• _Exercise instructions_:
Look below for the line that contains "Жіноче утеплене спортивне", then quote it and all the lines after it, exactly, with the pictures left out.

• _Working data_:
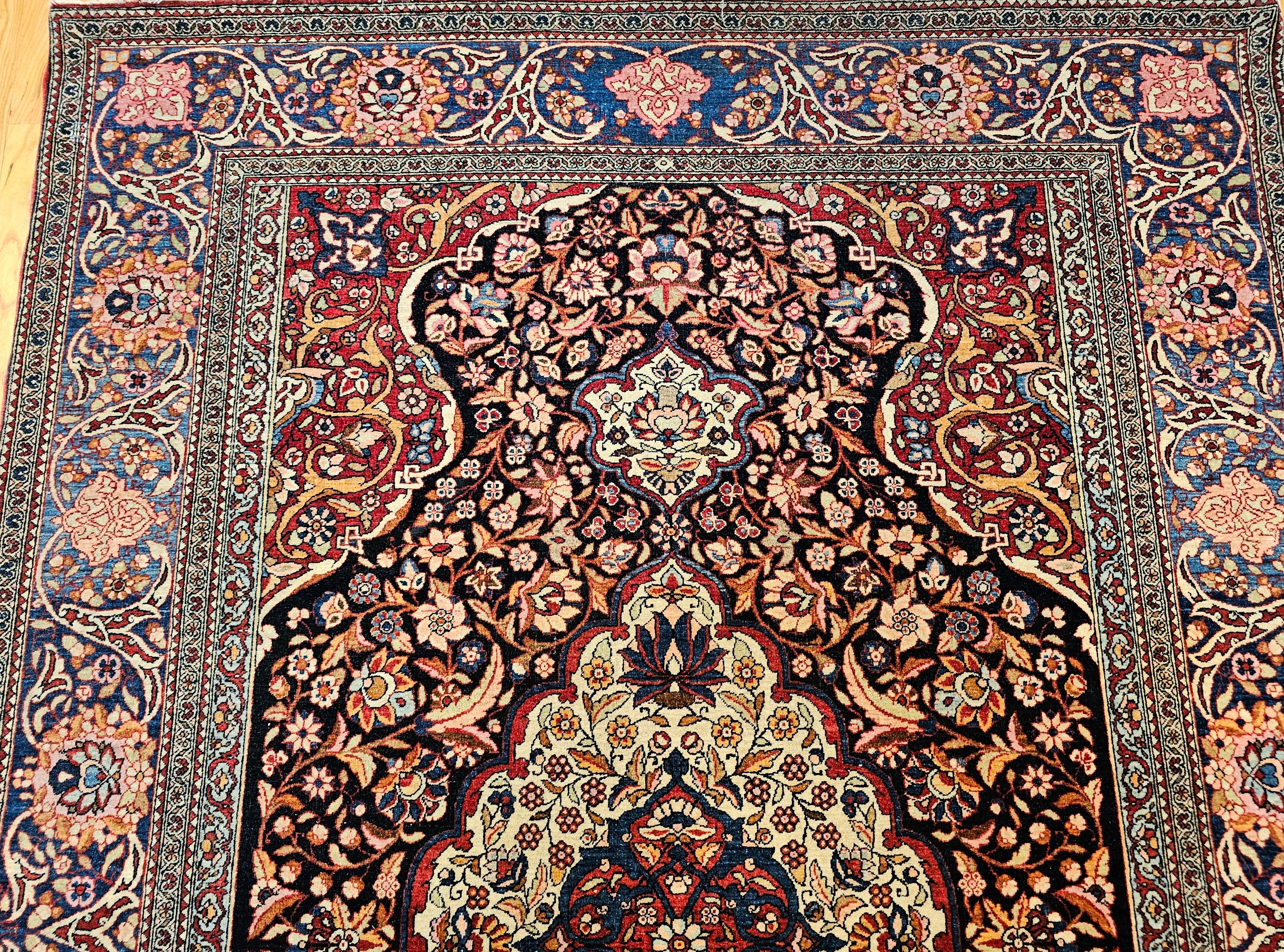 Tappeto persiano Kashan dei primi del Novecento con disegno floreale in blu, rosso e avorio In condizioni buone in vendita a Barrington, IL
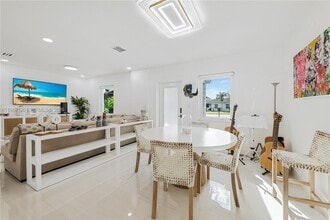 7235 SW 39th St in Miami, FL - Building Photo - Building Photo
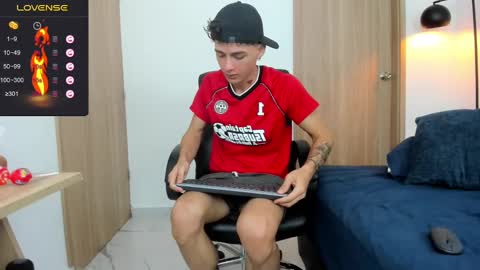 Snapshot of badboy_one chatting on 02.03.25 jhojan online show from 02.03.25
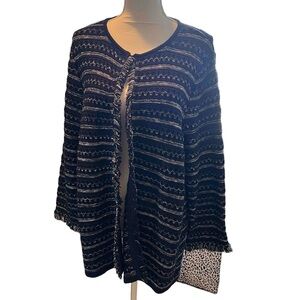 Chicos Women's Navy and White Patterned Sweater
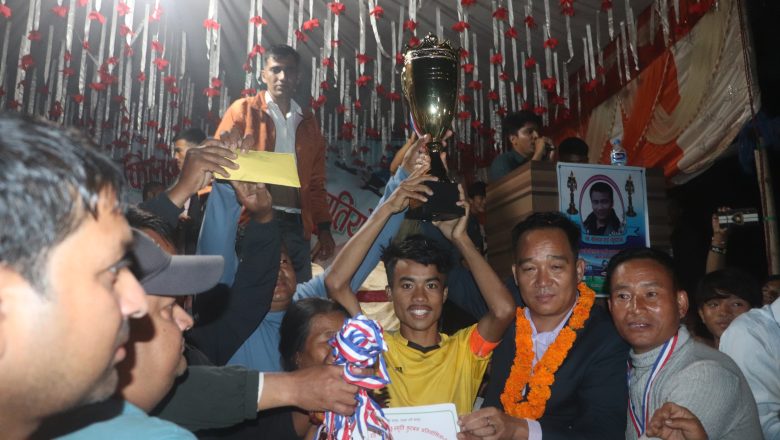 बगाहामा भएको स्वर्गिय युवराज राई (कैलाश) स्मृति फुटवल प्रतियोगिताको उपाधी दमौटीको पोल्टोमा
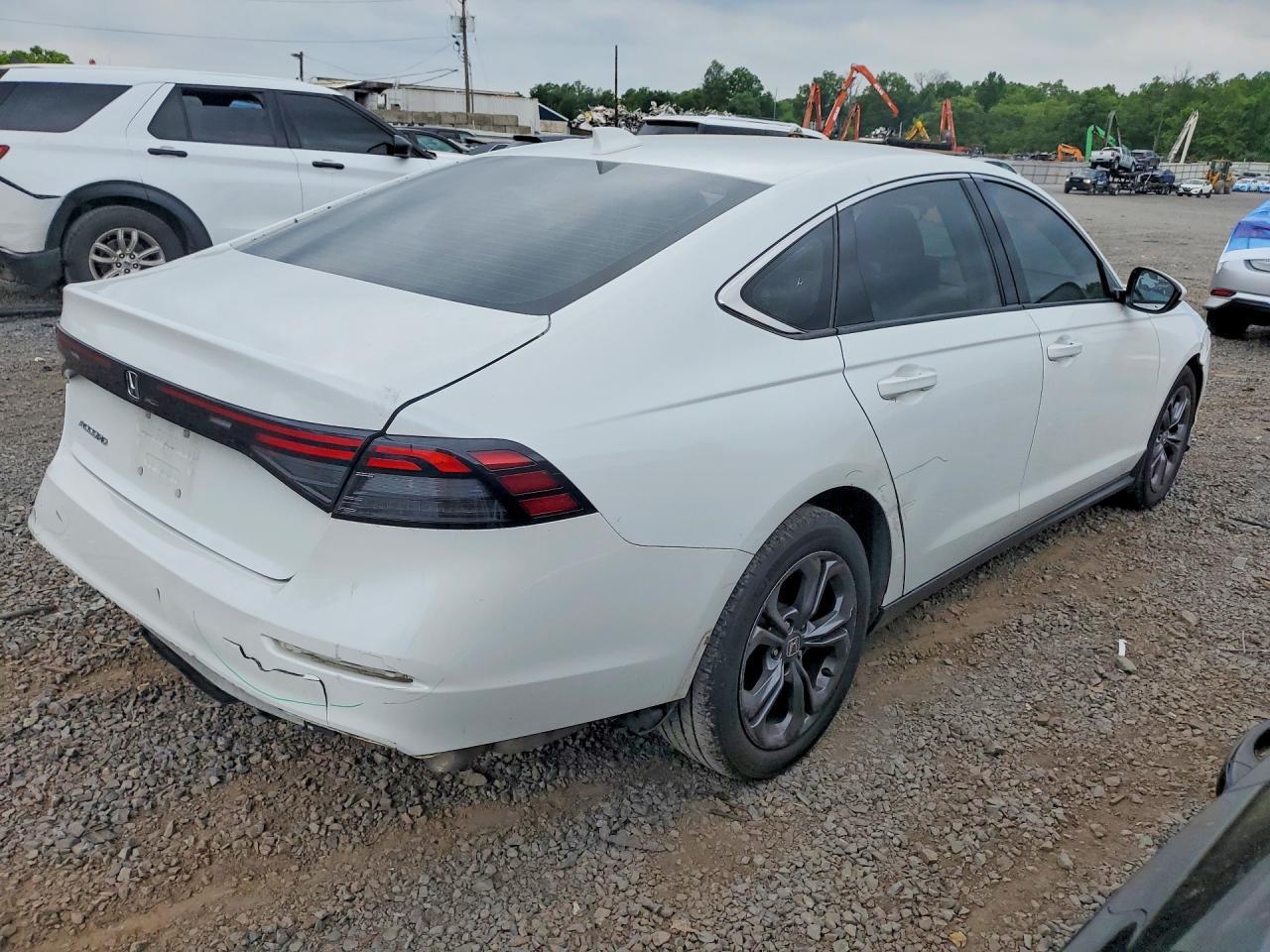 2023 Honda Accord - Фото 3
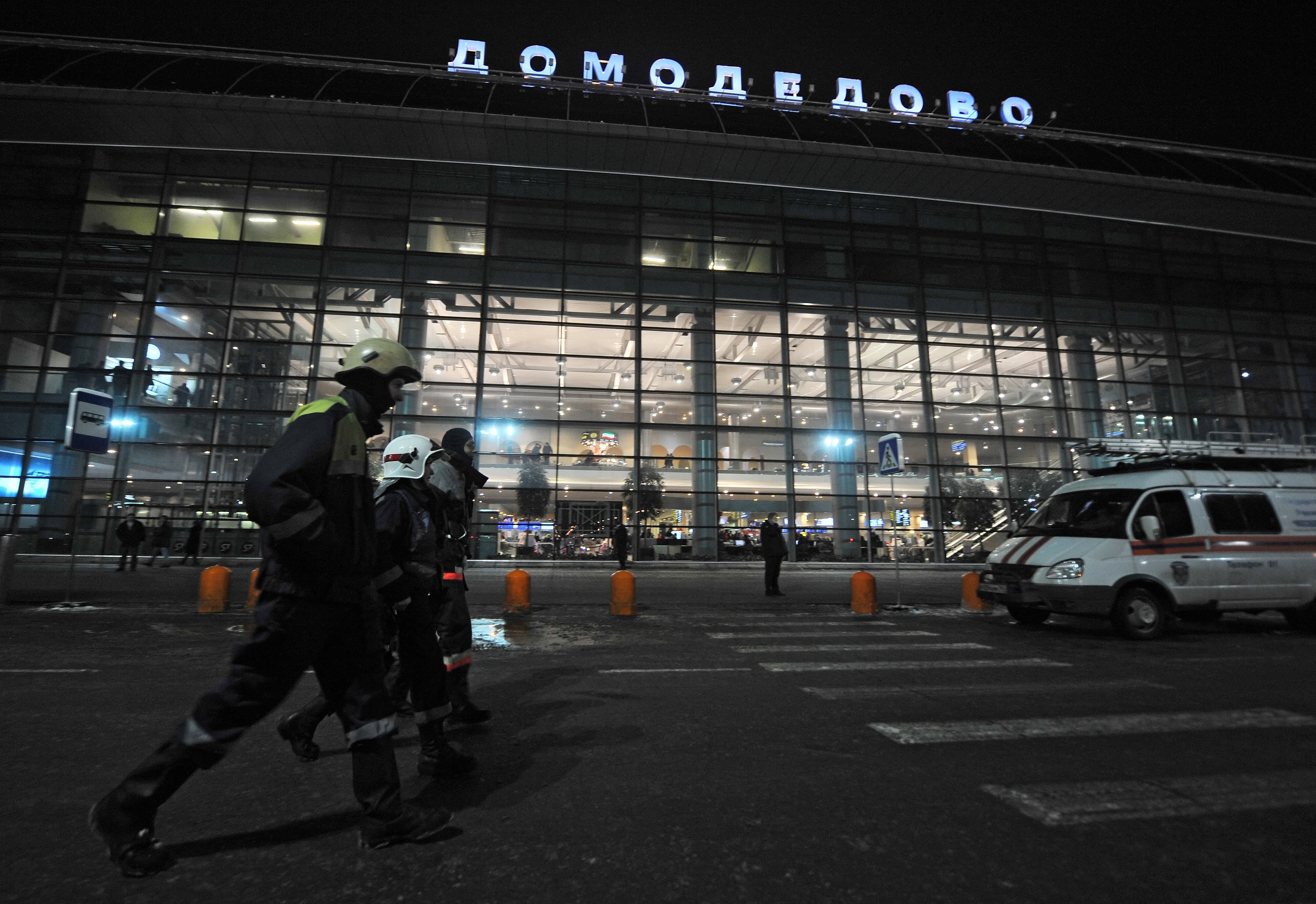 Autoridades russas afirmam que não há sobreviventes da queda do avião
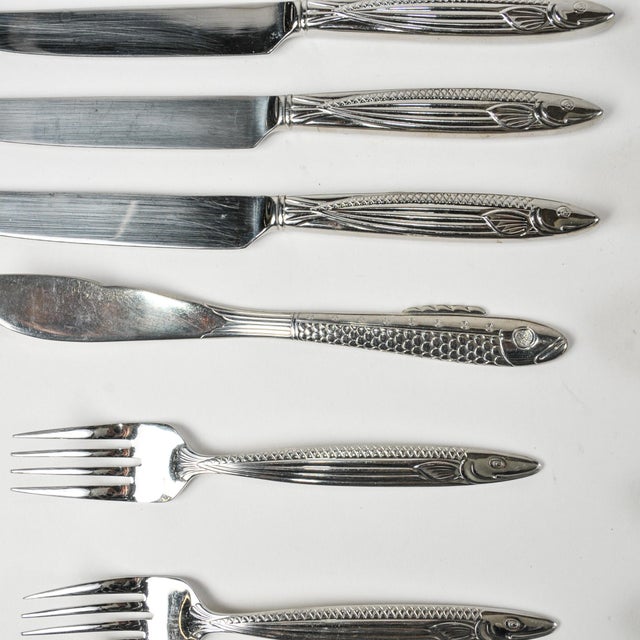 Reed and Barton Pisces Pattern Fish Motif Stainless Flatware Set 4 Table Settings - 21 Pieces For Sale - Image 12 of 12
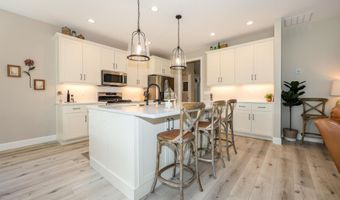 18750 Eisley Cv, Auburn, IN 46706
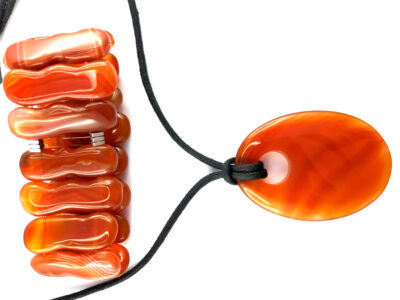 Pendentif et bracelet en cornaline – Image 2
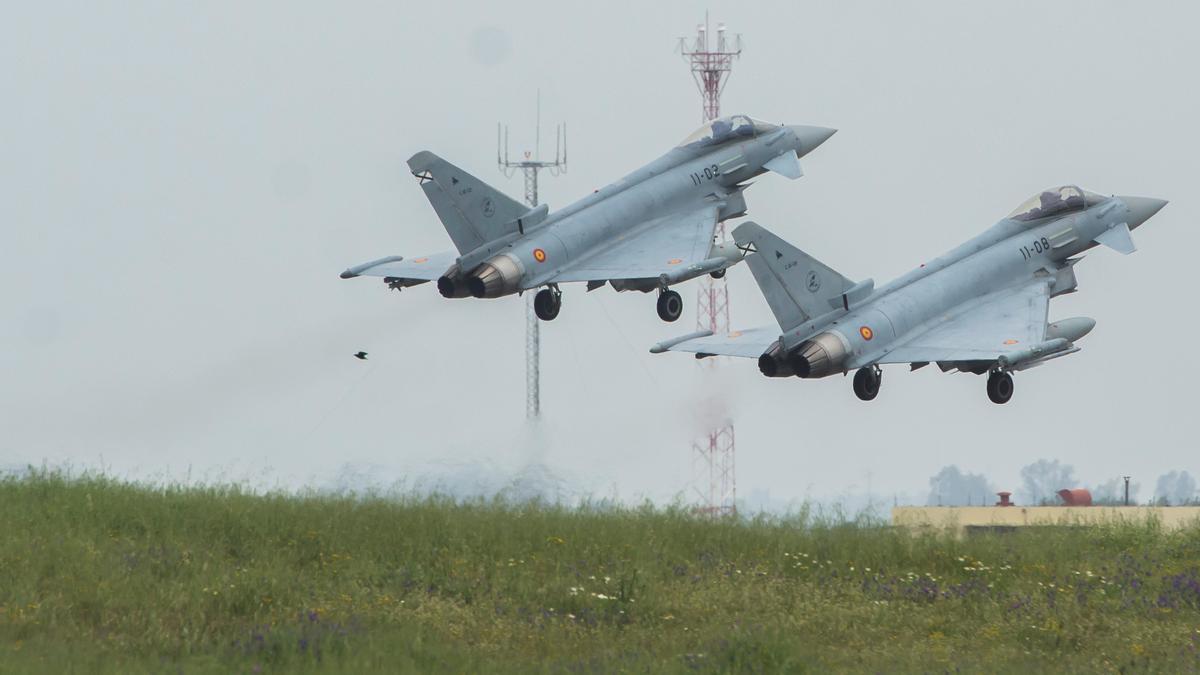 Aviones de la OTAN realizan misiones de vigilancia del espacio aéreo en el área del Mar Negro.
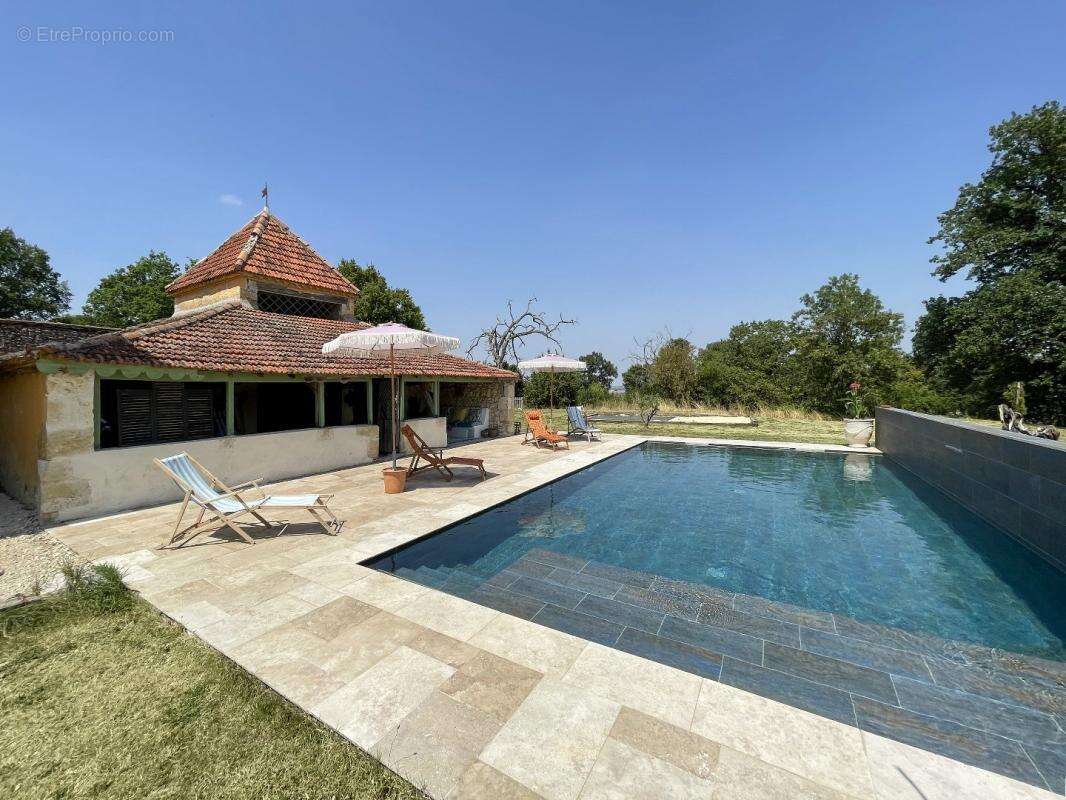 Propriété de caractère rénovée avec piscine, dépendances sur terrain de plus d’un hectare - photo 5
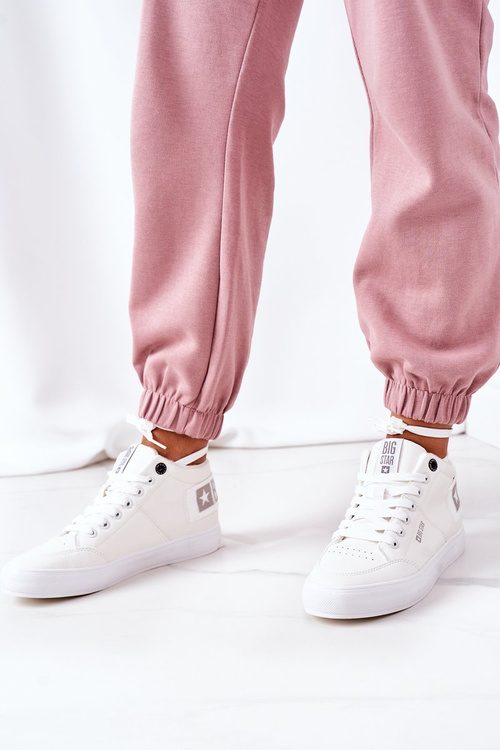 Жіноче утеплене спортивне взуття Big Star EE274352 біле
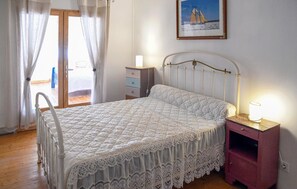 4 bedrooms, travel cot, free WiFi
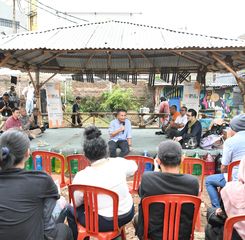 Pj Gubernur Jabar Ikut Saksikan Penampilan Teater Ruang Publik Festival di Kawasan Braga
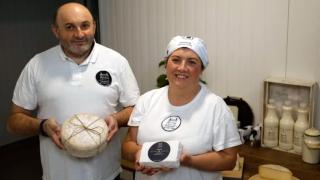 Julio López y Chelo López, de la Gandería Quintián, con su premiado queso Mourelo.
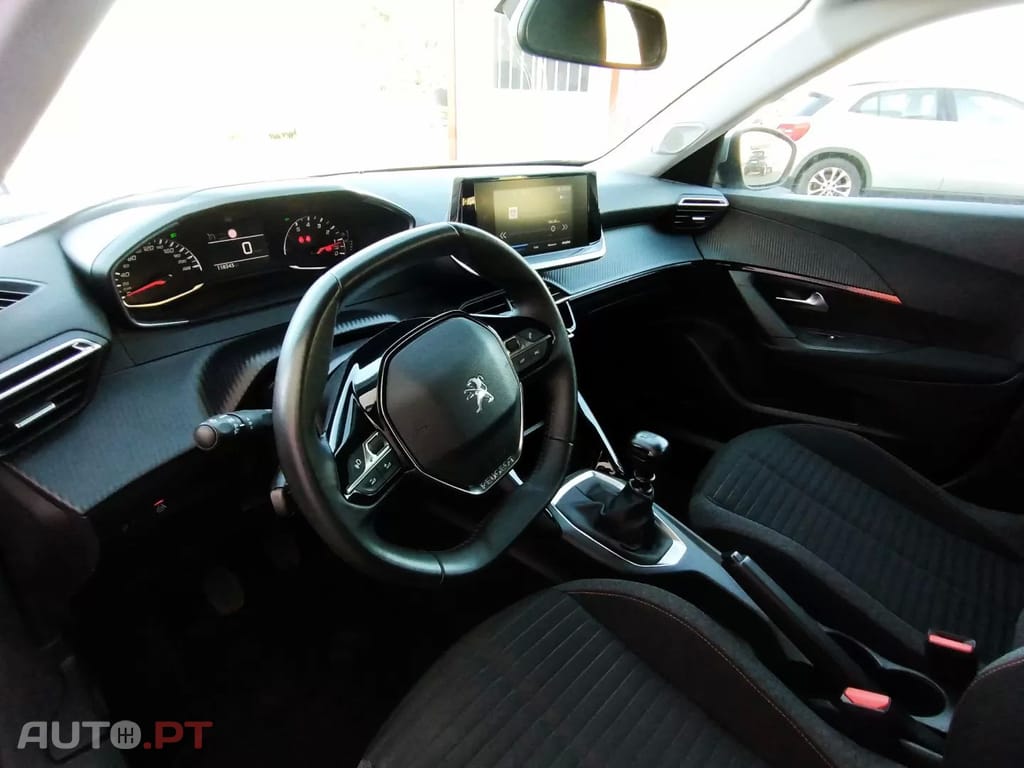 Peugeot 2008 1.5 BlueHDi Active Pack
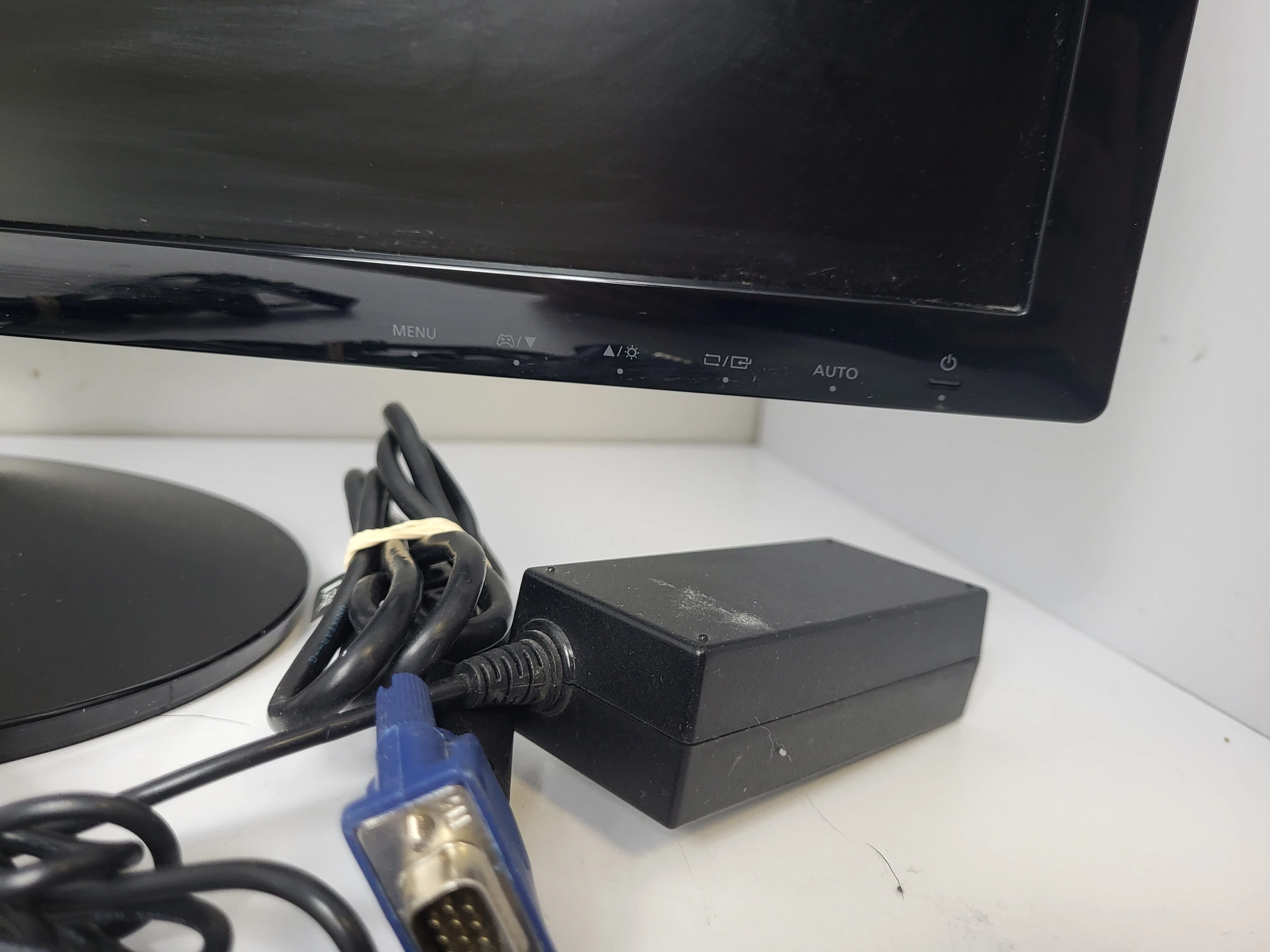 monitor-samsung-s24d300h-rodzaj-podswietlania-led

• _Output of the task_:
 Жіноче утеплене спортивне взуття Big Star EE274352 біле
 4 bedrooms, travel cot, free WiFi
 Pj Gubernur Jabar Ikut Saksikan Penampilan Teater Ruang Publik Festival di Kawasan Braga
 Julio López y Chelo López, de la Gandería Quintián, con su premiado queso Mourelo.
 Peugeot 2008 1.5 BlueHDi Active Pack
 monitor-samsung-s24d300h-rodzaj-podswietlania-led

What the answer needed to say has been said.